I
have spent a great deal of time this weekend at home. Honestly I
haven't felt like I could leave. It is hard to do when someone you love
is sick. And you want to do what is best for them. And yet the only
thing you can do is to be present. You can't make them go seek help.
So you pray... and you pray more. And then you fight the feelings in
the back of your mind that say this might be the end. That is what it feels like to live with someone who doesn't care.
The hardest part is these same feelings are the ones I had many a day
when I was still living with my husband. Days where he would do
something crazy like bring home 3 dozen donuts and just start eating
them and then have to give himself insulin. A few hours later then his
sugar would be too low so he would start eating junk food again. And
this crazy cycle would repeat itself. And it brings this feeling to the
back of my mind... one where if I breathe wrong... tears will fall.

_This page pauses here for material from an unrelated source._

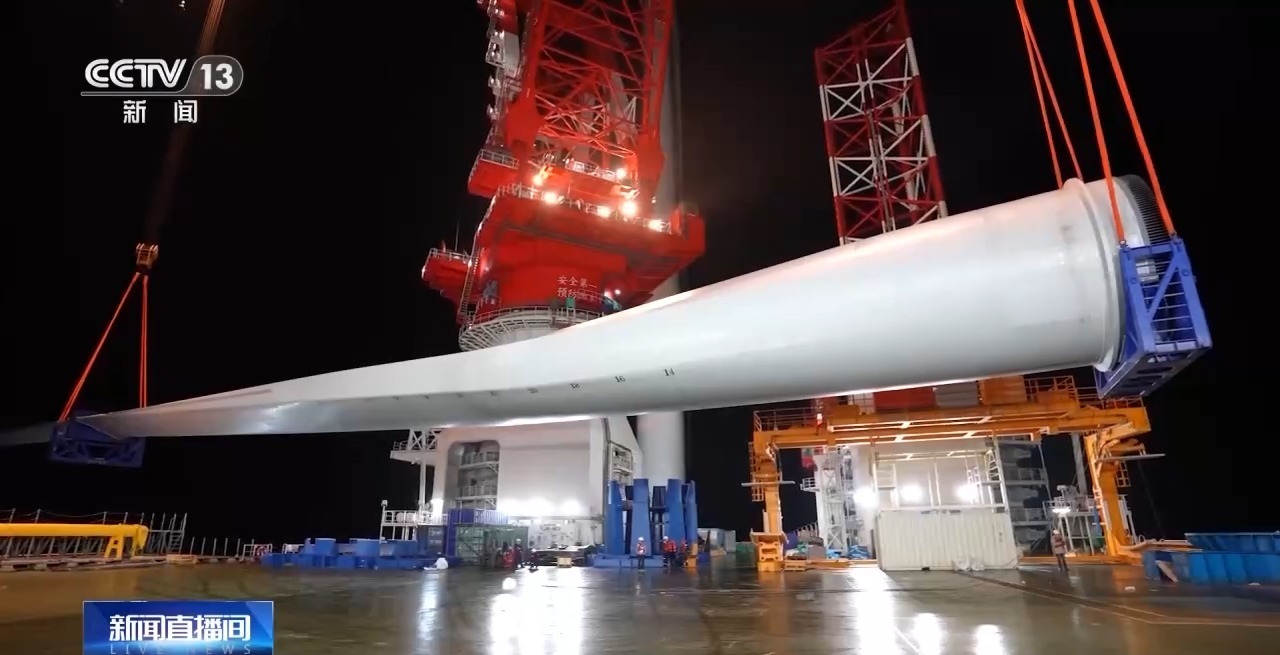 视频丨海上大国重器如何铸就？总台记者探访全球首台20兆瓦海上风电机组(图2)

And I can't do that. I have to be strong. And yet I am wondering why I
must face all these things like they don't bother me. When deep down
they honestly do.
You see... If I don't act like things never
hurt the people who have and are hurting me will know. And then they
will use that against me. And that is a power that creates more hurt
than I can face... As far as advice... break thru thoughts... I have
not a one. Except maybe that even being a faithful follower of Christ
does not make this path easier. Sometimes to me it feels that it is in
many ways harder. But at least when you are facing all of this and the
abuse... you still have the glimmer of hope for the future.